> [Your assignment] Show only those lines of the entries where the string "with" is found.

> [The records]
+ + + + + + +

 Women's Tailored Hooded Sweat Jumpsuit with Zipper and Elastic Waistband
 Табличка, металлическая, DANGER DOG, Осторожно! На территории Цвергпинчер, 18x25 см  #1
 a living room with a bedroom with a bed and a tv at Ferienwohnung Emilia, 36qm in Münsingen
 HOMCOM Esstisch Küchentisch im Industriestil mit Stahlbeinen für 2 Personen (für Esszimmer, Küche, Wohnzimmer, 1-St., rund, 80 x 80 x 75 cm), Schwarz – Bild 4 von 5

+ + + + + + +

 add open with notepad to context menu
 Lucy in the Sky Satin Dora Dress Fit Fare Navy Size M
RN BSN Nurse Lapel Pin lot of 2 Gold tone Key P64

+ + + + + + +

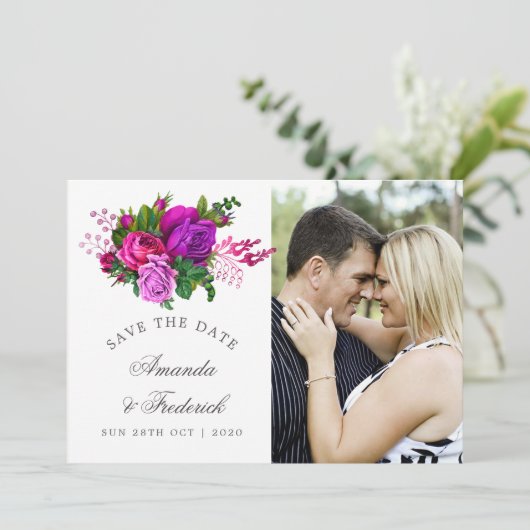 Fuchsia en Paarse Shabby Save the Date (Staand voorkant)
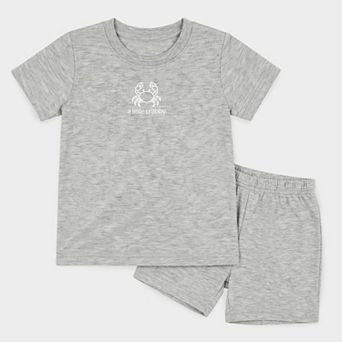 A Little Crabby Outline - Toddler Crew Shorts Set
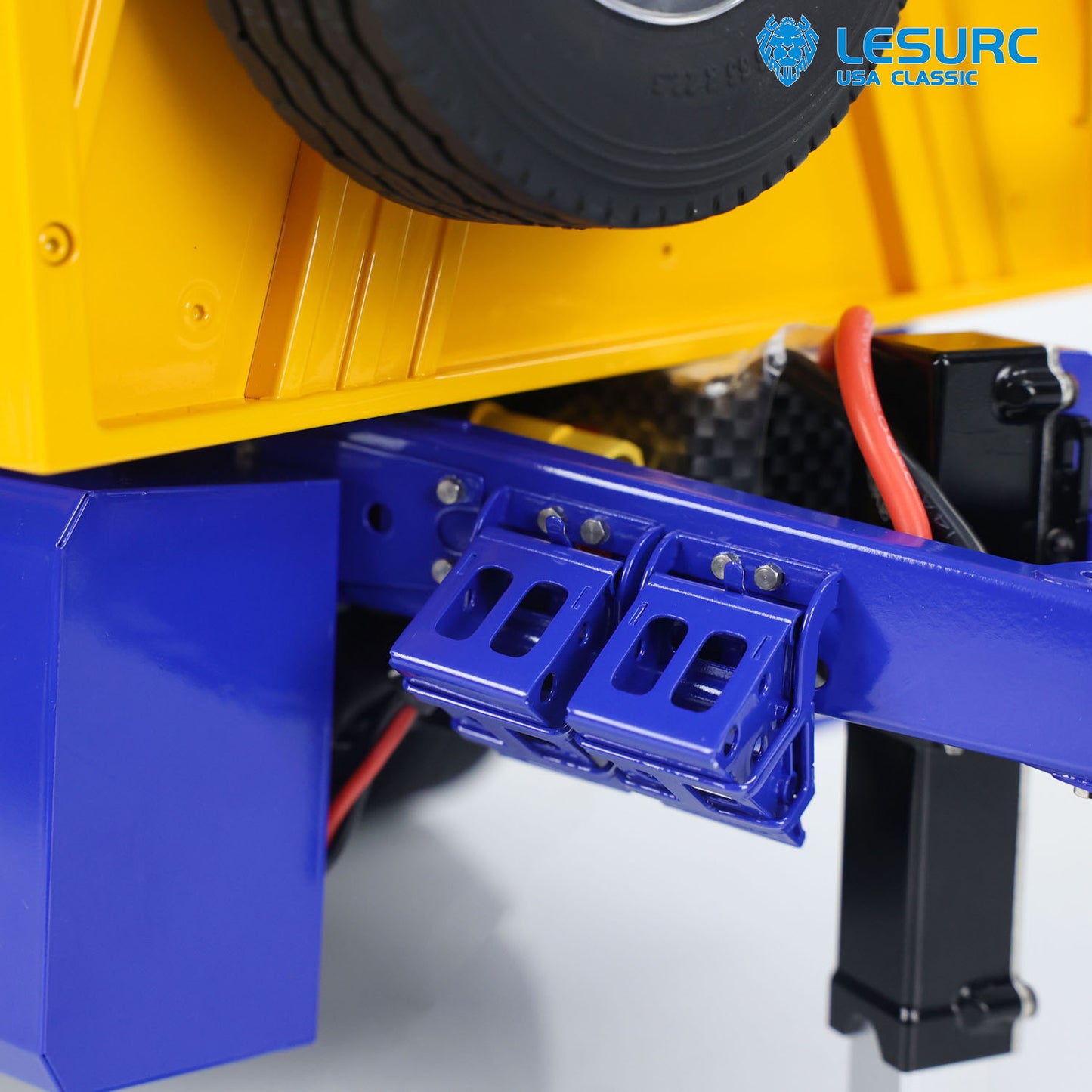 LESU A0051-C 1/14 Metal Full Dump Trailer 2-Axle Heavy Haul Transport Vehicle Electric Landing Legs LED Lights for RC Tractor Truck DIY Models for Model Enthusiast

+ + + + + + +

> [Result for this exercise]
 Women's Tailored Hooded Sweat Jumpsuit with Zipper and Elastic Waistband
 a living room with a bedroom with a bed and a tv at Ferienwohnung Emilia, 36qm in Münsingen
 add open with notepad to context menu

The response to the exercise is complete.